Leaving out all pictures, write out word for word the lines from the one containing "NBA东部球队排名 NBA赛季球队剖析东南分区）" to the end of the data below.

Start of Block

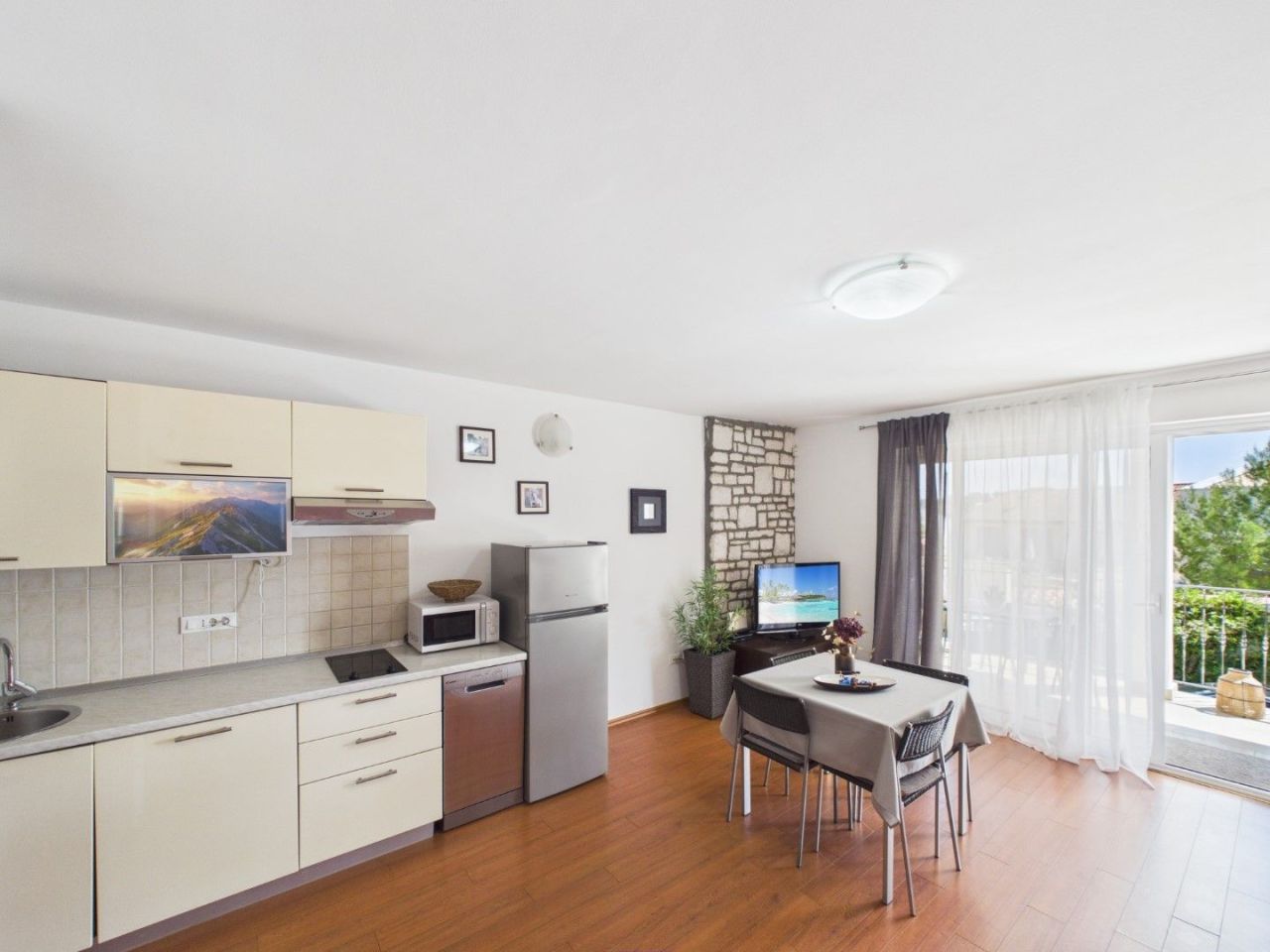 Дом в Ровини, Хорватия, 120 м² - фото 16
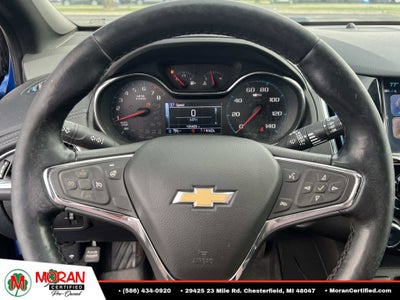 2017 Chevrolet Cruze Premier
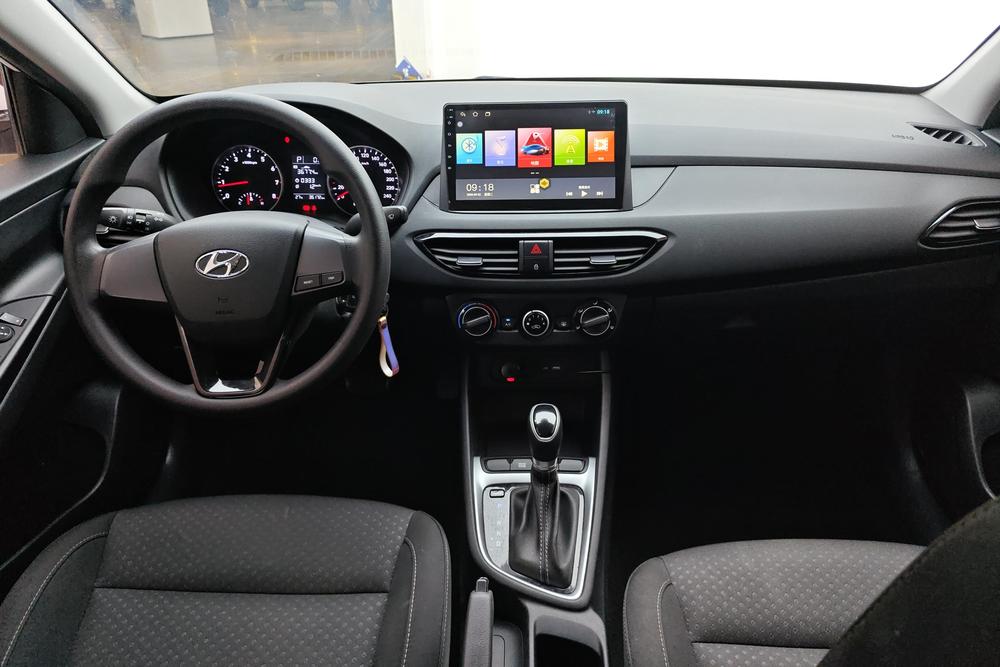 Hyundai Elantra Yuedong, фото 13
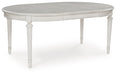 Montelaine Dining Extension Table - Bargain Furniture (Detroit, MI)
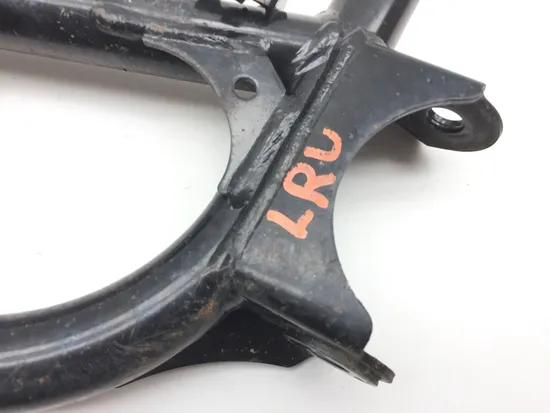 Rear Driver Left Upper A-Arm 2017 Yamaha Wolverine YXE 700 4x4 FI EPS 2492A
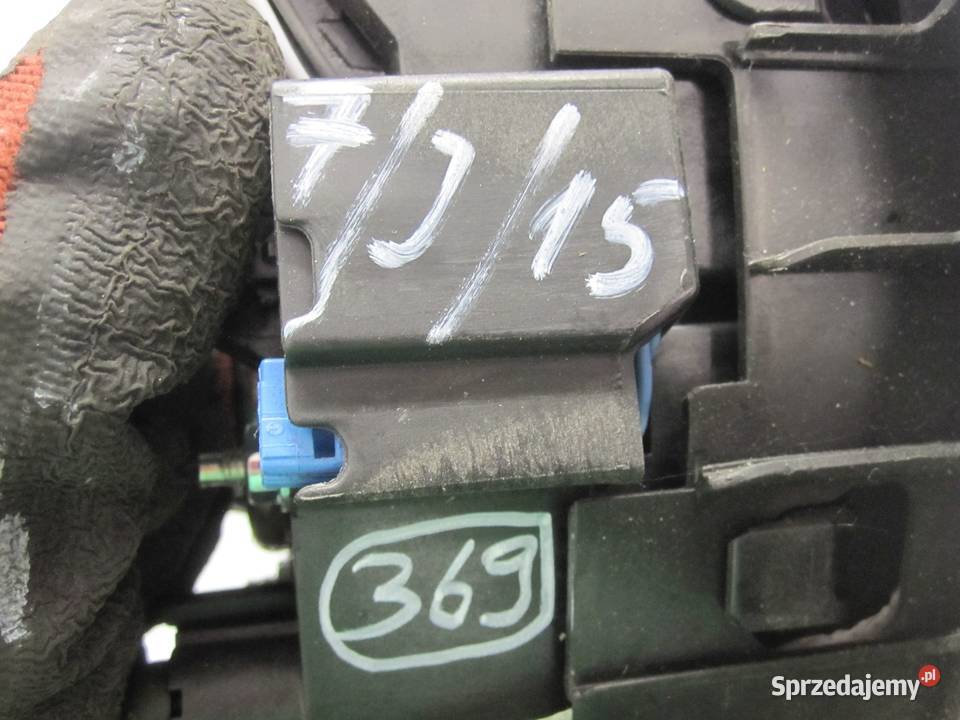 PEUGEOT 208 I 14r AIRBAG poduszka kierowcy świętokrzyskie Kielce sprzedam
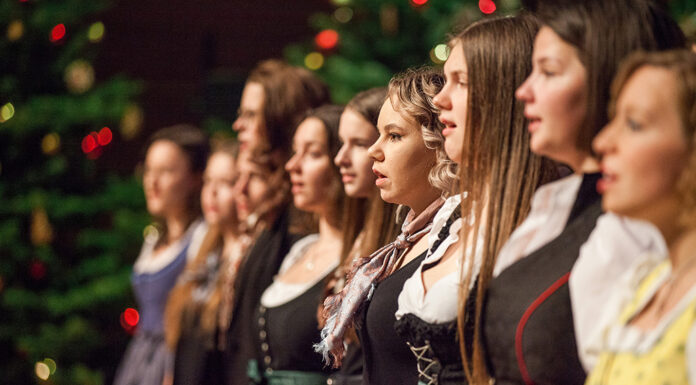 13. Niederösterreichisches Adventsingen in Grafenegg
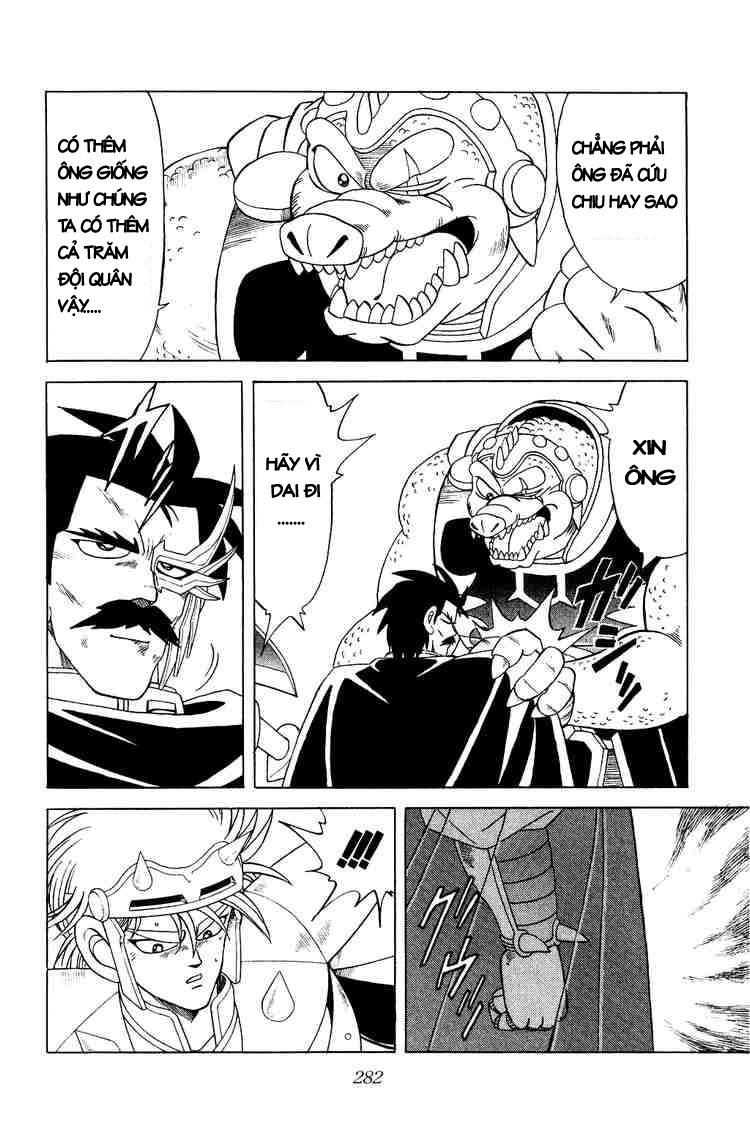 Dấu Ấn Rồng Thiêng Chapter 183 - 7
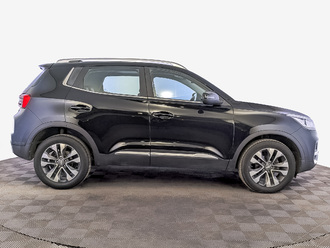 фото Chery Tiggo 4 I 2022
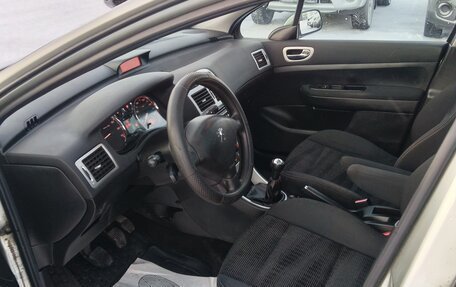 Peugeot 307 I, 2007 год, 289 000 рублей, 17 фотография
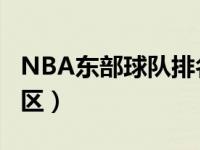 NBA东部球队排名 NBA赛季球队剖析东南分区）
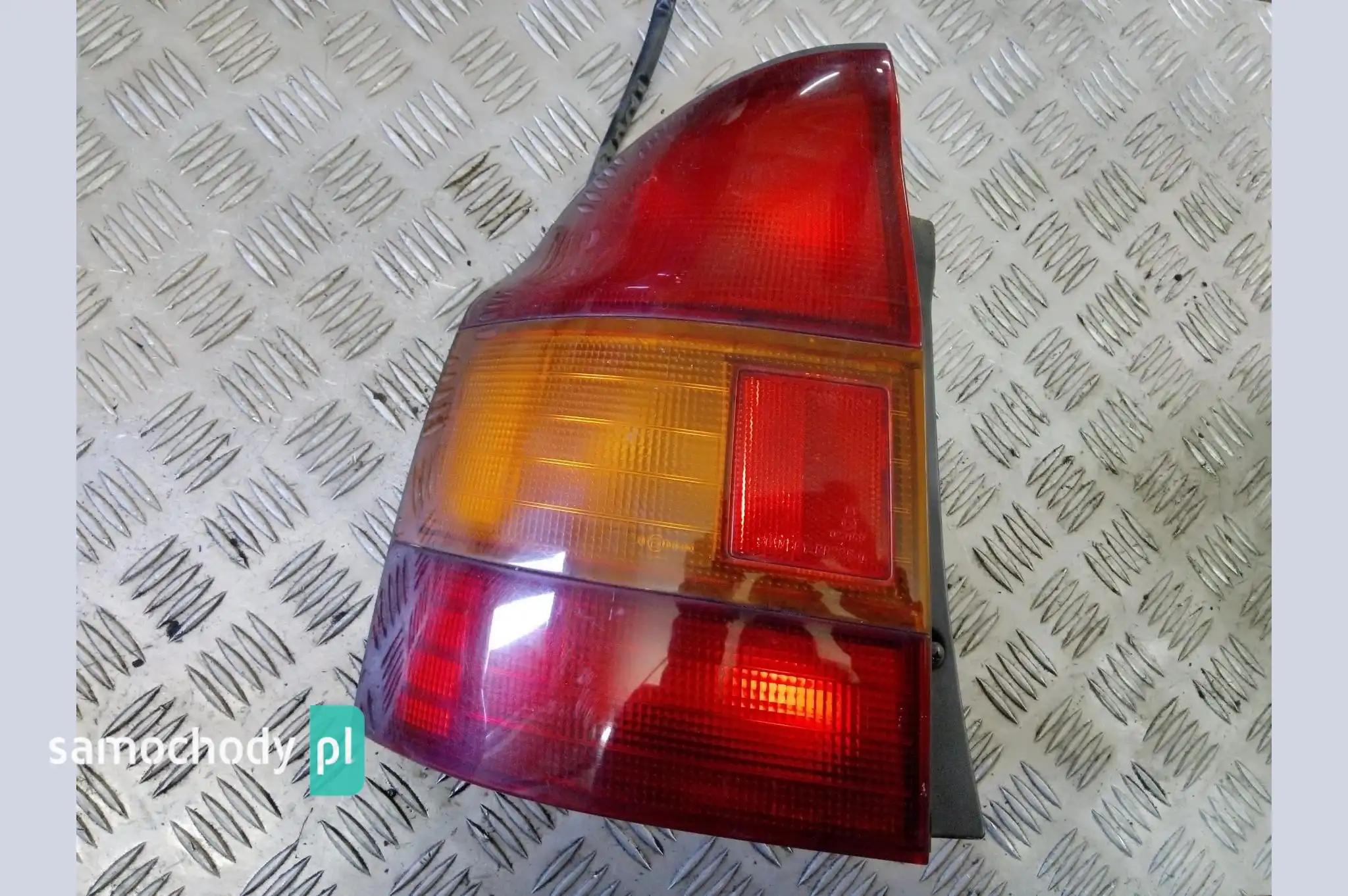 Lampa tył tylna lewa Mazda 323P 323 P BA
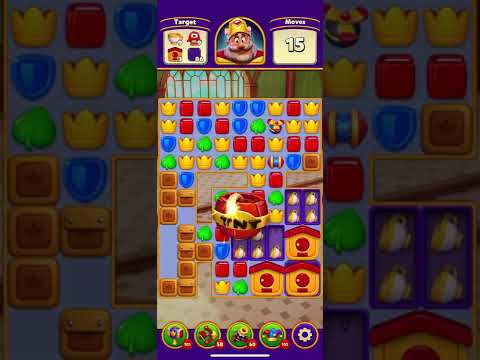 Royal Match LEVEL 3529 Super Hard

End of Block

Written solution
 NBA东部球队排名 NBA赛季球队剖析东南分区）
 Lampa tył tylna lewa Mazda 323P 323 P BA
 Royal Match LEVEL 3529 Super Hard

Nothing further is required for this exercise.